確かに…私が守ろうとしている『仲間』ってなんだろう。

気の合う仲間?…許しあえる仲間?…自分にとって居心地のいい場所?

だけど、正樹がいない今となっては私にとってその場所は居心地のいい場所なんだろうか。

確かに、綾祢も武も翔馬も一緒に居て楽しいし、気も許せる。

私にとっては彼らも大切な存在……だけど、何かが物足りない。

正樹がいなくなって、その空間で正樹の事ばかりを考えてる私の中の『仲間』と言う存在理由って…



「俺の自惚れかもしれないけど、あの時確かに沙代子は俺のモノになったよな?身体だけじゃなく心も一緒に…」

「わたっ…私には彼氏が…いるもの…」

「そいつの事が好きか?…俺よりも」



その言葉に一瞬鼓動が、ドクン。と高鳴る。

正樹よりも…私は彼が…?



「……………好き…よ」



今にも消え入りそうな私の声。

正樹はその言葉を聞いてから、顎に手をあてて自分に向けさせると、真っ直ぐに私の目を見てくる。



「俺の目を見て言えよ…ハッキリと今の男が好きだって…そう俺の目を見て…」

「………ごめん。
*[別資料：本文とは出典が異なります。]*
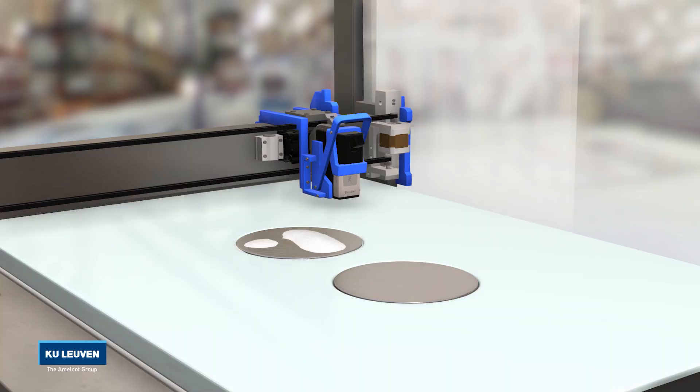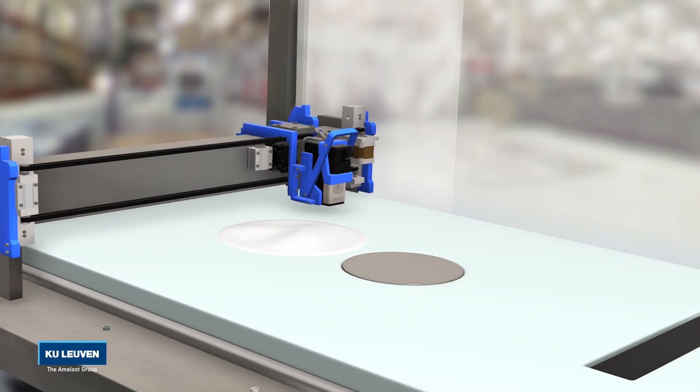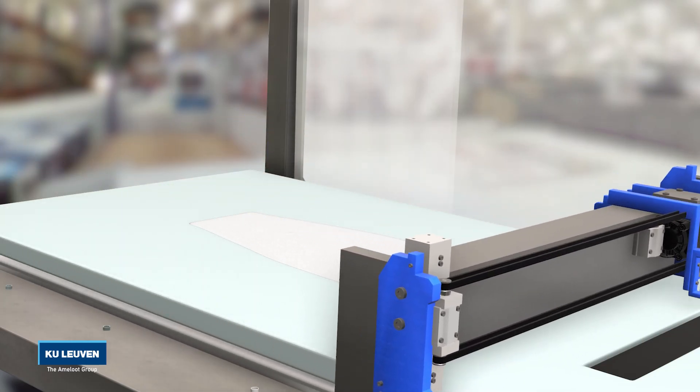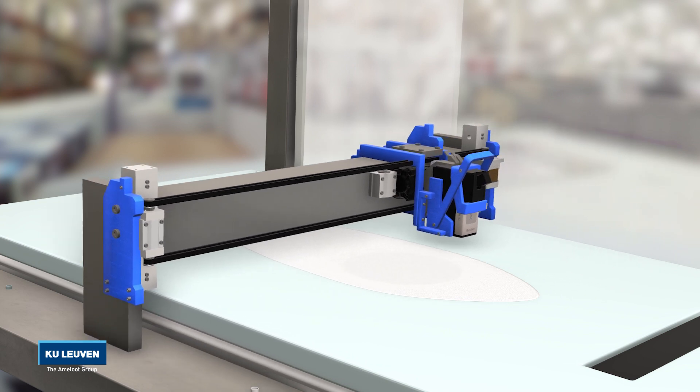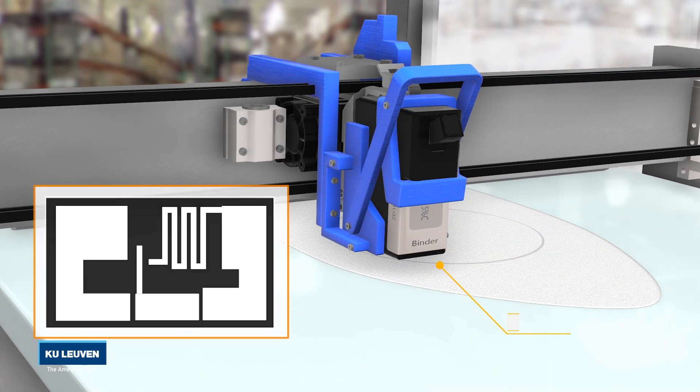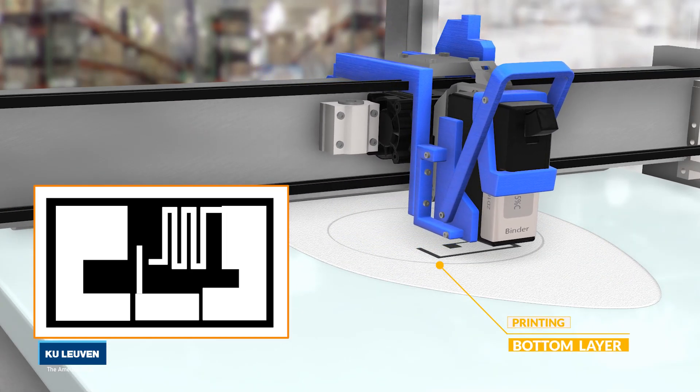In the process, thin layers of powder are deposited. The powder is bonded by inkjetting a chemical. This way a porous body is created, much like a sugar cube.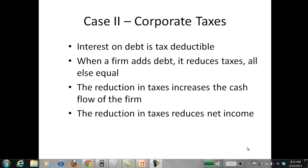In the previous video we looked at the Modigliani-Miller theorem of capital structure and cost of capital, propositions one and two, under the case where there were no taxes, no corporate taxes, and no bankruptcy costs. So what we want to do is look at the model now under case two, the case where we have corporate taxes, and here's how it works.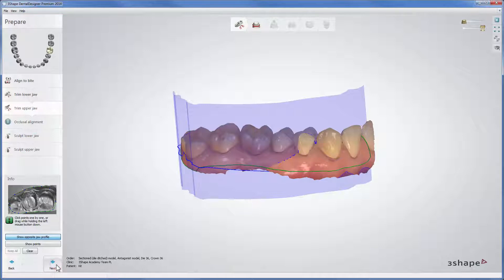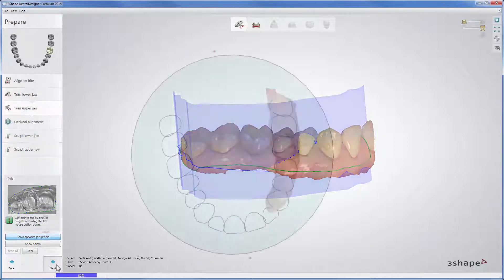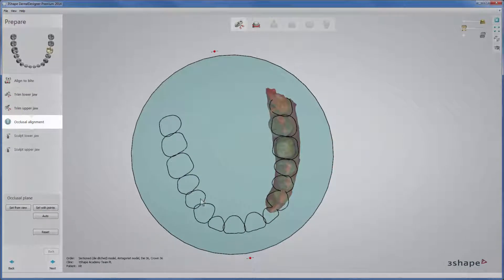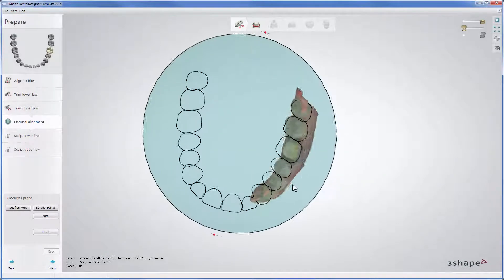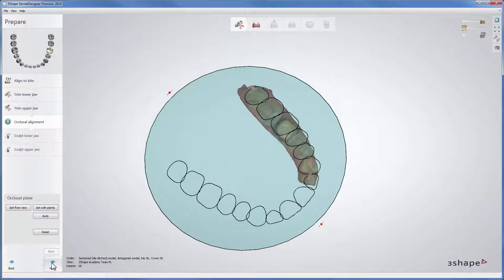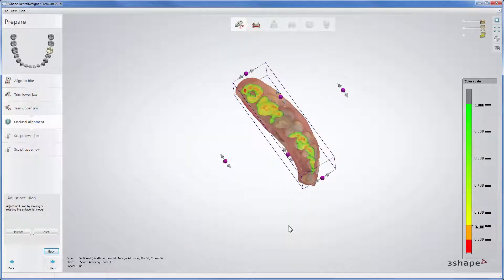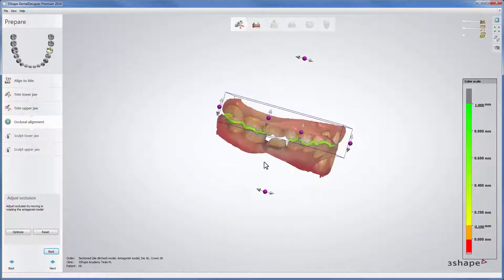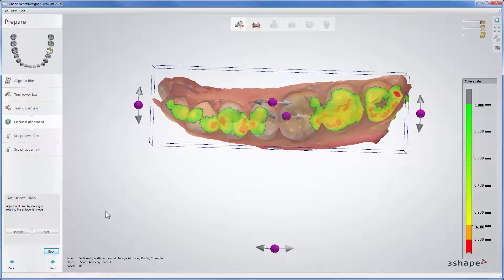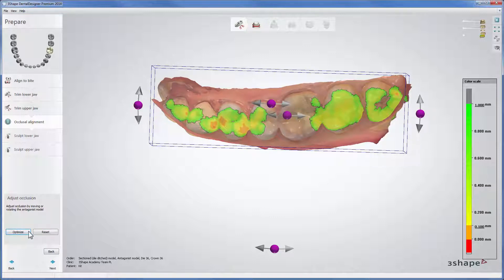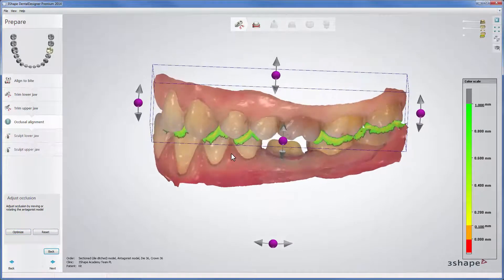Click Next to proceed. The Occlusal Alignment step allows you to set an occlusal plane by moving and rotating it. Once set, accept it by clicking Next and start adjusting the occlusion. Move or rotate the antagonist model if necessary. Use control points or click the Optimize button to correct the occlusion automatically. This functionality is particularly useful if the patient did not bite properly while the bite scan was made.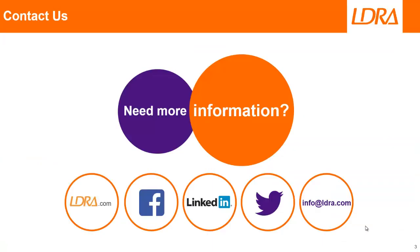OK, so hopefully that's given you an idea of how we can work with the CLion IDE. And if you'd like more information, then please don't hesitate to contact us at LDRA. Thank you.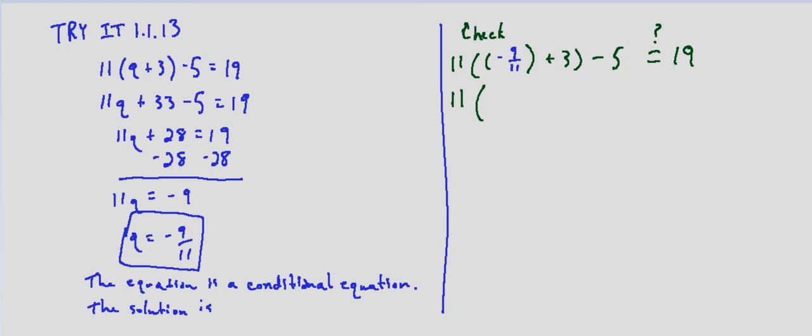Because 33 divided by 11 is 3. So negative 9 plus 33, that ends up being 24/11 minus 5, and again we want to know if that equals 19. 11 times 24/11 is just 24 minus 5.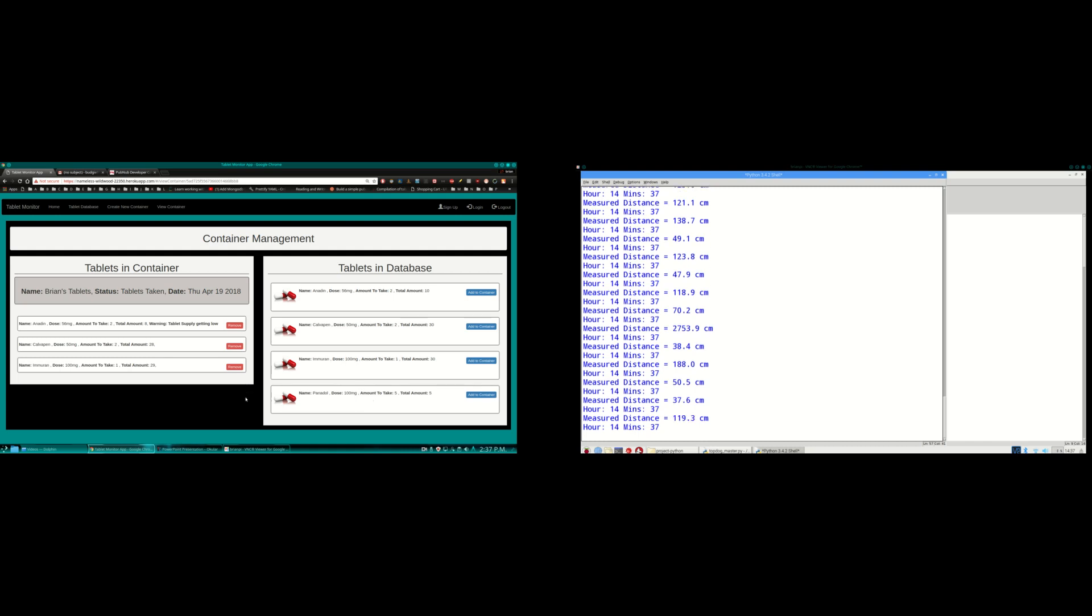And that's my project in a nutshell. I hope you enjoyed listening to it. I know I enjoyed working on it. And thank you very much for listening.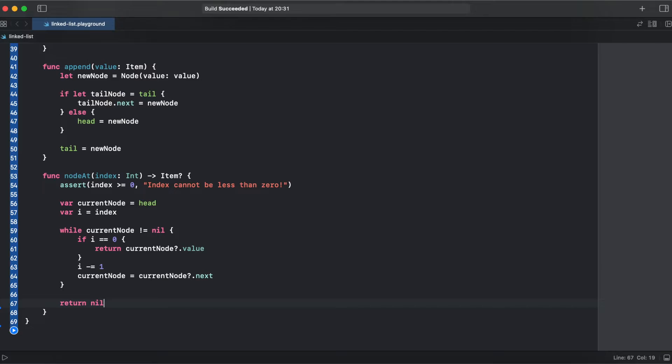And we can return current node dot value which is going to be our item at index. If we cannot iterate through the linked list or get some error, we just return nil. That's why our item is optional.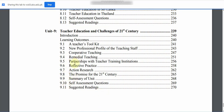Unit 9 covers Teacher Education and Challenges of the 21st Century. Topics include Introduction, Learning Outcomes, 9.1: A Teacher Toolkit, 9.2: New Professional Profile of the Teaching Staff, 9.3: Cooperative Teaching, 9.4: Remedial Teaching, 9.5: Partnership with Teacher Training Institutions, and 9.6: Reflective Practice.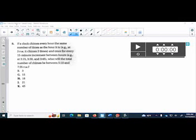Hello, this is Mrs. Ward, and I am going to go over practice test 1 in 8 for the ACT review. So number 8 says, if a clock chimes every hour at the same number of times as the hour, so for example at 3 p.m. it chimes 3 times, and once every 15 minutes between the hours, so at 3:15, 3:30, 3:45.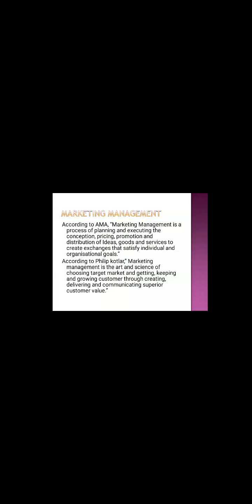Marketing management is the art and science of choosing target market among the entire market or whomsoever are our potential customers. We have to choose them, getting, keeping, and growing customers through creating, delivering, and communicating superior customer values. That is called marketing management.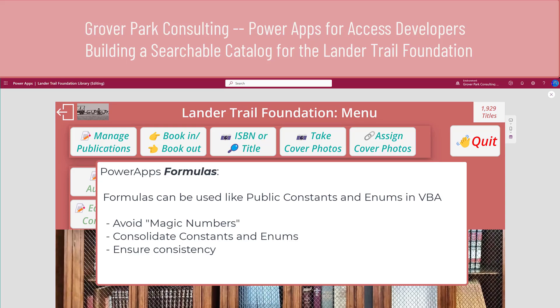Hello, George Hepworth, Grover Park Consulting. We're building the Lander Trail Foundation, an online searchable database using Power Apps for the interface and SQL Server for the data.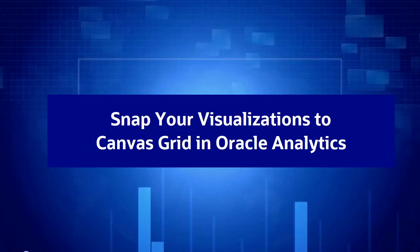Hello, in this video I'm going to demonstrate a new feature called Snap to Grid that we've added to Oracle Analytics Cloud.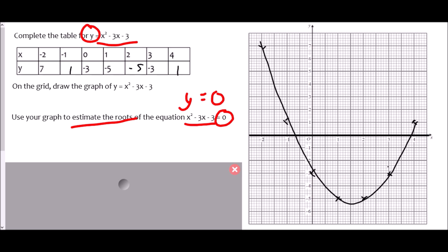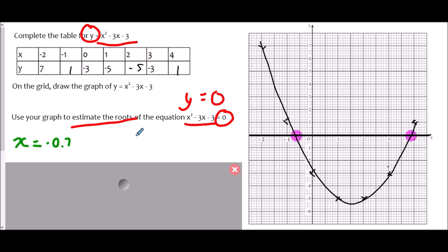To find the points of intersection, we're looking for where the lines meet. There are two, because we have a quadratic graph crossing a line in two places. We read the values of x at both points from the graph: here it looks like x equals negative 0.7, and on the other side it looks like x equals 3.8.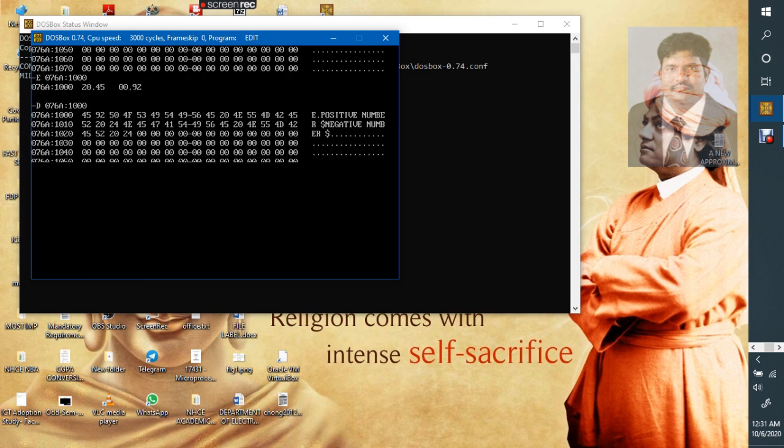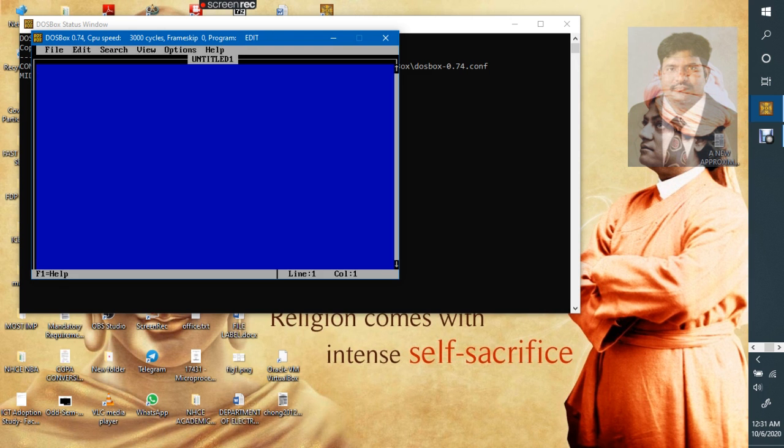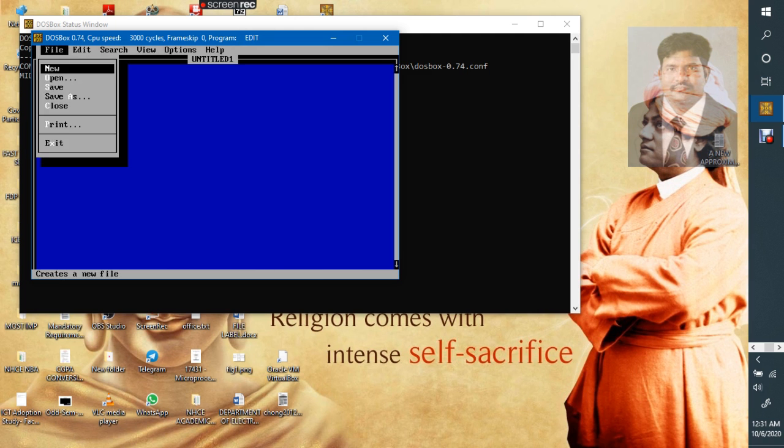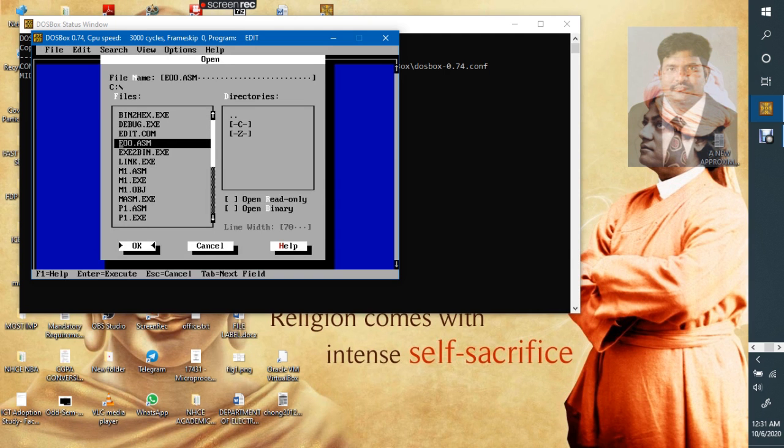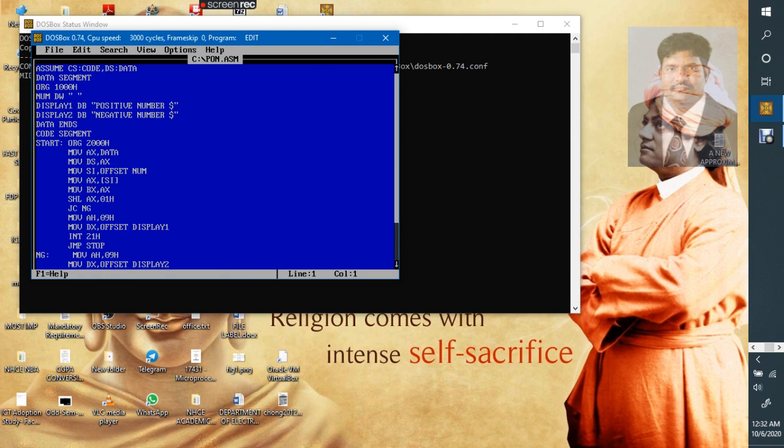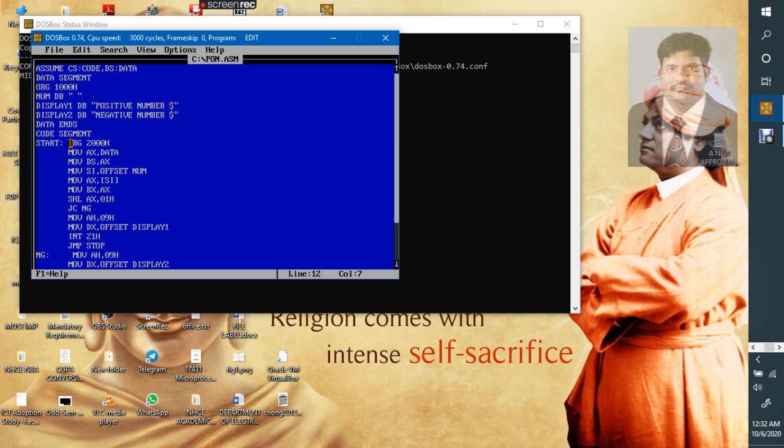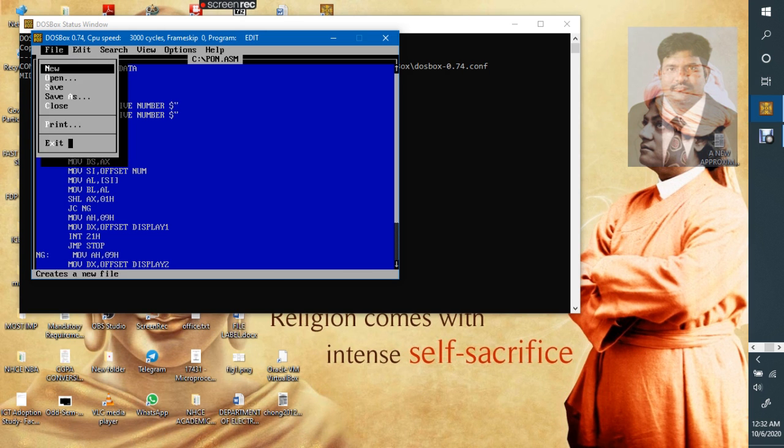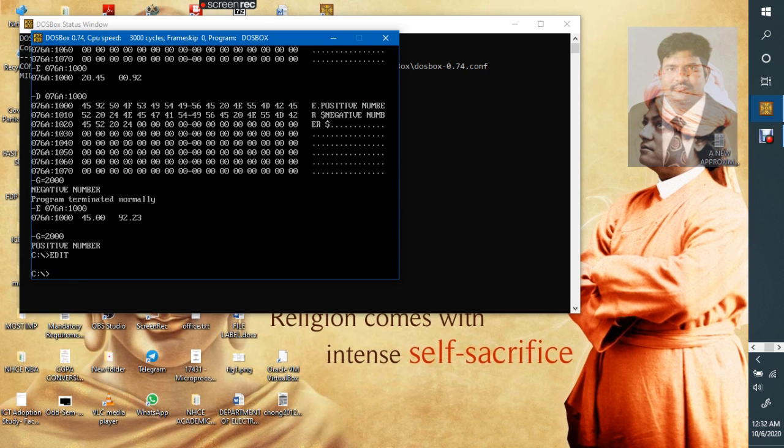Suppose if you want to work with 8-bit numbers, then we have to define it by DB. And here AL, and here AL. Whenever we define it by byte, one memory location will be allocated, and accordingly, we have to enter the data.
これから彼氏んとこ行く予定だから…」



私はスッと正樹から視線を外すと、彼との距離を突き放すように体を翻して駆け出す。



「俺は諦めねぇから!ずっとお前の事を待ってる…お前が仲間としてじゃなく、俺を見るまでずっと!!」



背後から追いかけてくる正樹の声。

私はその声を心の奥で耳を塞ぎながら、暗闇を走った。